Importing all important libraries

In [2]:
import pandas as pd
from urllib.request import urlopen
from bs4 import BeautifulSoup
from bs4 import SoupStrainer
from bs4 import Comment
import re
import numpy as np

Define method for grabbing All-NBA team

In [2]:

def grab_AllNBA(year):
    url_allNBA = "https://www.basketball-reference.com/leagues/NBA_{}.html".format(year)
    html_allNBA = urlopen(url_allNBA)
    # only_div = SoupStrainer("div")
    soup2 = BeautifulSoup(html_allNBA,"html.parser")
    all_nba = soup2.find_all("div",id="all_honors")[0]
    comment = all_nba.contents[0].find(text=lambda text: isinstance(text, Comment))
    comment_str = str(comment)
    #from looking at output, we can see that names of players in All-NBA team are between .html\'> and </a>&nbsp; 
    # build for loop that will grab names between each string
    begin_str = ".html'>"
    end_str = "</a>&nbsp;"
    all_nba_arr = []
    for i in range(15):
        begin_cut = comment_str.index(begin_str)
        end_cut = comment_str.index(end_str)
        all_nba_arr.append(comment_str[begin_cut+len(begin_str):end_cut])
        comment_str = comment_str[end_cut+len(end_str):]
    return(all_nba_arr)



In [3]:
#grab training data from Basketball_reference and clean it
training_year_arr = [1989,1990,1991,1992,1993,1994,1995,1996,1997,1998,1999,2000,2001,2002,2003,2004,2005,2006,2007,2008,2009,2010,2011,2012,2013,2014,2015,2016]
testing_year_arr = [2017,2018,2019,2020]
type_of_stats = ["per_game","per_minute","per_poss","advanced"]

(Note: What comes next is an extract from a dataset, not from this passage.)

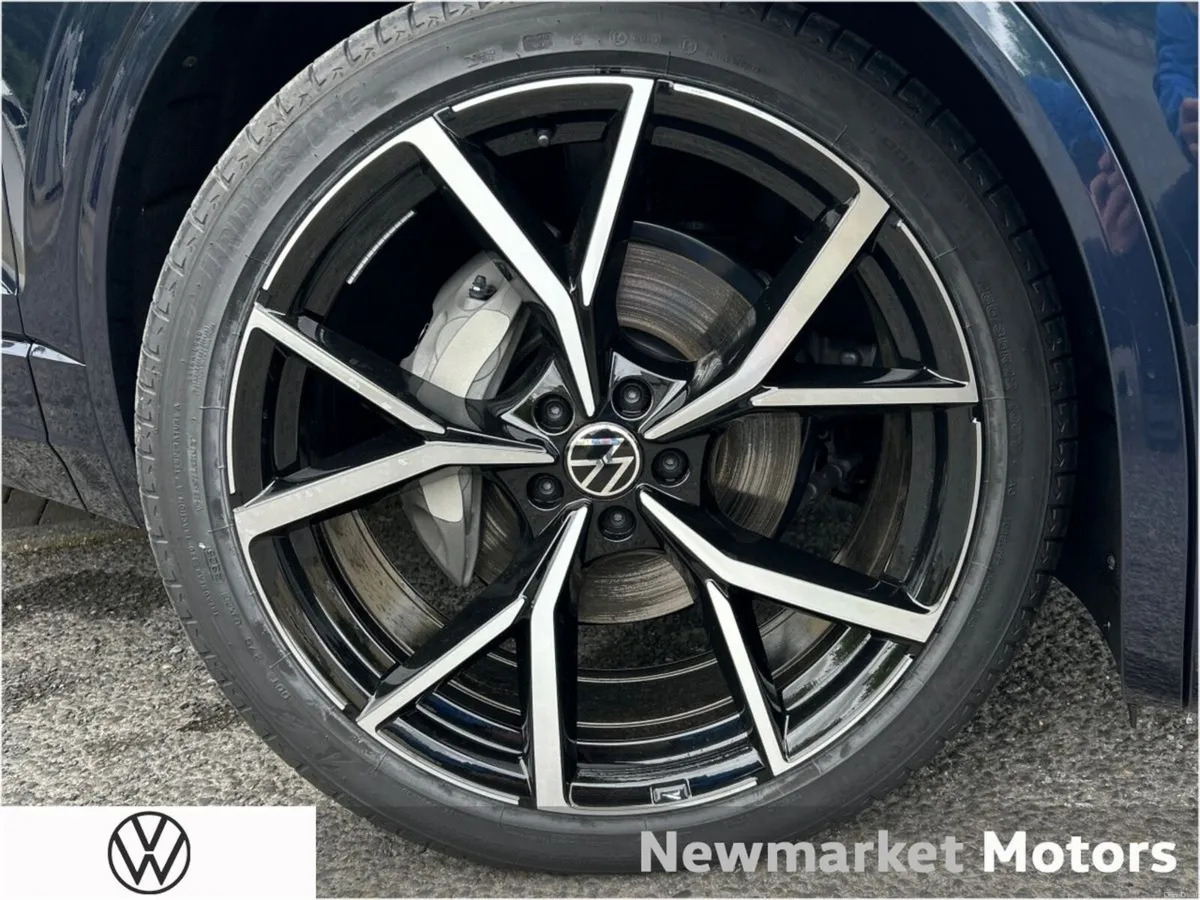 Volkswagen Touareg PASSANGER FINAL EDITION  R-LINE - Image 3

def grab_NBA_Data(year_arr,file_name):
    print("Starting making ",file_name)
    non_changeable_cols = ['Player', 'Pos', 'Age', 'Tm', 'G', 'MP']
    final_training_data = pd.DataFrame()
    for year in year_arr:
        temp_panda = pd.DataFrame()
        #grabbing ALL-NBA team given year
        all_nba_arr = grab_AllNBA(year)
        statistic = ""
        for stat_type in type_of_stats:
            statistic = stat_type
            #grab raw data
            url = "https://www.basketball-reference.com/leagues/NBA_{}_{}.html".format(year,stat_type) 
            html = urlopen(url)
            soup = BeautifulSoup(html)
            headers = [th.getText() for th in soup.find_all('tr',limit=2)[0].findAll('th')][1:]
            rows = soup.findAll('tr')[1:]
            player_stats = [[td.getText() for td in rows[i].find_all('td')]for i in range(len(rows))]
            stats = pd.DataFrame(player_stats,columns=headers)
            #changing column types to Strings
            stats = stats.convert_dtypes() 
            #removing duplicate names
            stats = stats.drop_duplicates("Player")
            #filtering null rows
            stats = stats[stats.Player.notnull()]
            #filtering null columns
            stats = stats.loc[:,~stats.columns.duplicated()]
            if '' in stats.columns:
                stats = stats.drop('',axis=1)
            if stat_type == "advanced":
                stats = stats.drop(stats.columns[18],axis=1)
            #deleting Game Started column so it makes joining easier
            if stat_type != "advanced":
                stats = stats.drop(["GS"],axis=1)
            #changing name of columns based on stat_type
            new_columns = [col_name+"_{}".format(stat_type) for col_name in stats.columns if col_name not in non_changeable_cols]
            stats.columns = non_changeable_cols + new_columns
            try:
                temp_panda = temp_panda.merge(stats,left_on="Player",right_on="Player",suffixes=("","_"))
            except:
                temp_panda = stats    
        #renaming panda to stats and removing duplicate rows
        stats = temp_panda
        stats = stats.loc[:,~stats.columns.duplicated()]
        stats = stats.drop(['Pos_', 'Age_', 'Tm_', 'G_', 'MP_'],axis=1)
        #add year column
        stats["Year"] = year
        #creating all-nba column
        stats["All_NBA"] = False
        #changing name column to remove star and edit All-NBA column
        for i in stats.index:
            #edit names to remove star at end of name
            stats["Player"][i] = stats["Player"][i][:-1] if stats["Player"][i][-1:] == "*" else stats["Player"][i]
            #filling in All_NBA values correctly
            stats["All_NBA"][i] = True if stats["Player"][i] in all_nba_arr else False
        try:
            final_training_data = final_training_data.append(stats)
        except:
            final_training_data = stats
    #save panda to csv
    final_training_data.to_csv(file_name)
    final_training_data = pd.read_csv(file_name)
    final_training_data.fillna(0,inplace=True)
    final_training_data = final_training_data.drop(["Unnamed: 0"],axis=1)
    final_training_data.to_csv(file_name)
    print("Finished making ",file_name)



In [4]:
#creating datasets
grab_NBA_Data(training_year_arr,"full_training_data_1988-2016")
grab_NBA_Data(testing_year_arr,"testing_data_2017-2020")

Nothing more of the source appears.